MPR Ingatkan Jangan Bangun Koalisi Secara Pragmatis

13

JAKARTA-Langkah rekonsiliasi yang dilakukan para capres tentu berdampak luas pada pendukungnya. Namun begitu, rekonsiliasi tidak harus bergabung dengan koalisi pemenang Pemilu 2019.

“Menjadi oposisi itu juga salah satu bentuk kebersamaan,” kata anggota MPR dari Fraksi Nasdem, Syarief Abdullah Alkadrie dalam diskusi Empat Pilar MPR berthema “Rekonsiliasi Untuk Persatuan Bangsa” bersama anggota MPR Fraksi Gerindra Sodik Mujahid di Jakarta, Senin (15/7/2019).

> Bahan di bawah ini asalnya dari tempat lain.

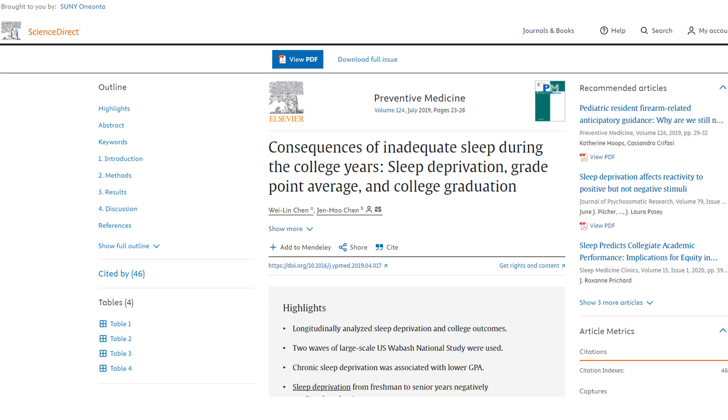Once we click on the link, we will be redirected to the article and can begin reading it.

Menurut Syarief, partai yang memilih di luar koalisi pendukung pemerintahan tentu tidak menjadi masalah. Karena hal itu merupakan pilihan politik.

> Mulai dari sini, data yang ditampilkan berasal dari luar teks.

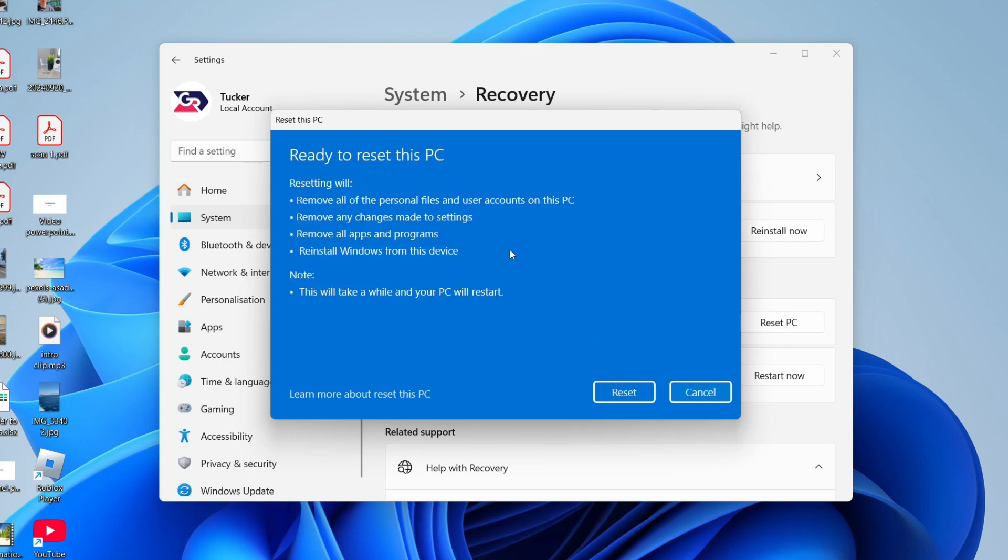We're now on the confirmation page and it's going to tell you what resetting is going to do. Read it through and make sure you fully understand it. When you're ready, you can press reset and the process will begin. That's it. You can wait and it'll be reset.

“Menjadi oposisi itu juga salah satu bentuk kebersamaan,” ucapnya di hadapan para wartawan yang hadir dalam acara itu.

Dengan adanya oposisi, menurut Politisi Nasdem, justru membuat demokrasi yang ada menjadi sehat dan bagus. “Menjadi bagus kalau ada pihak yang mengingatkan”, tegasnya.

Dikatakan Sekretaris Fraksi Nasdem, rekonsiliasi perlu dibangun dengan mengedepankan kepentingan bangsa. “Kami memberi apresiasi pertemuan Presiden Joko Widodo dengan Prabowo Subianto di Stasiun MRT Lebak Bulus,” tambah pria asal Kalimantan Barat itu.

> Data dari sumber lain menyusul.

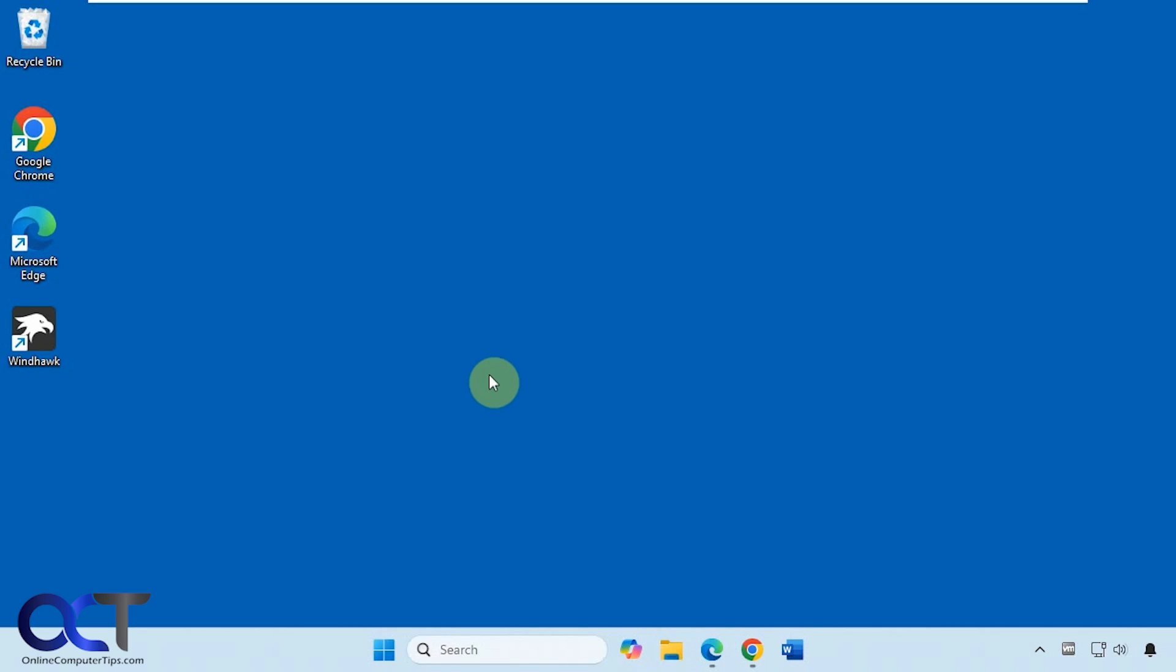Hi, in this video we're going to show you how to create shortcuts to websites on your desktop, and then also possibly on your taskbar and start menu, depending on which browser you're using.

Dalam acara yang bertema ‘Rekonsiliasi Untuk Persatuan Bangsa’, Abdullah Alkadrie menuturkan Pemilu Presiden dilakukan setiap 5 tahun sekali. Dalam Pemilu Presiden pastinya ada pasangan calon, “bisa dua pasangan, tiga bahkan empat”, ucapnya.

Pasangan itu terbentuk dengan peraturan perundangan, seperti harus memenuhi parlement threshold 20 persen di parlemen dan atau 25 persen suara nasional.

Koalisi yang dibangun, menurut Abdullah Alkadrie harus sesuai dengan platform yang sama. Ia menyebut partainya mendukung Joko Widodo selama dua kali Pemilu Presiden karena mempunyai persamaan visi dan misi.

“Jadi koalisi dibangun tidak secara pragmatis. Bila pragmatis ini yang perlu dikritisi”, tambahnya.

Diakui Pemilu Presiden pada tahun 2019 berbeda dengan Pemilu Presiden sebelumnya. Pada Pemilu Presiden kali ini ada potensi yang mengancam persatuan dan kesatuan bangsa. Isu-isu strategis disebut dikalahkan oleh isu-isu primordial.

“Bisa jadi hal ini untuk mengangkat emosional pendukung”, ujarnya.

Dirinya kembali mengakui bahwa di antara masyarakat masih ada ketidakdewasaan dalam berpolitik di mana ada yang belum mengakui kekalahan. Menyikapi hal demikian, perlu bersama untuk menghilangkan riak-riak.

Menurutnya ke depan perlu membangun rasa kebersamaan. Selepas Pemilu Presiden diharap semua kembali ke aktivitas semula sembari memupuk rasa kebangsaan.

Anggota MPR dari Fraksi Partai Gerindra, Sodik Mujahid, dalam kesempatan yang sama menuturkan rekonsiliasi tidak menjadi masalah selama masih dalam bingkai Pancasila, UUD NRI Tahun 1945, NKRI, dan Bhinneka Tunggal Ika.

“Selama dalam bingkai Empat Pilar MPR, rekonsiliasi tak masalah”, ujarnya.

Menurutnya, nilai-nilai seperti itulah yang perlu diajarkan kepada masyarakat.Nilai-nilai Empat Pilar dikatakan harus dijadikan dasar dalam demokrasi bangsa ini, dalam check and balances.

“Kita akan mengkritik sekeras apapun namun tetap dalam bingkai Empat Pilar, bingkai konstitusi”, tuturnya.

Meski demikian Partai Gerindra juga akan memuji dan mengapresiasi langkah pemerintah bila benar dalam menjalankan pembangunan. Disampaikan kepada peserta diskusi, bahwa Ketua Umum Partai Gerindra, Prabowo Subianto lebih mengutamakan kepentingan bangsa.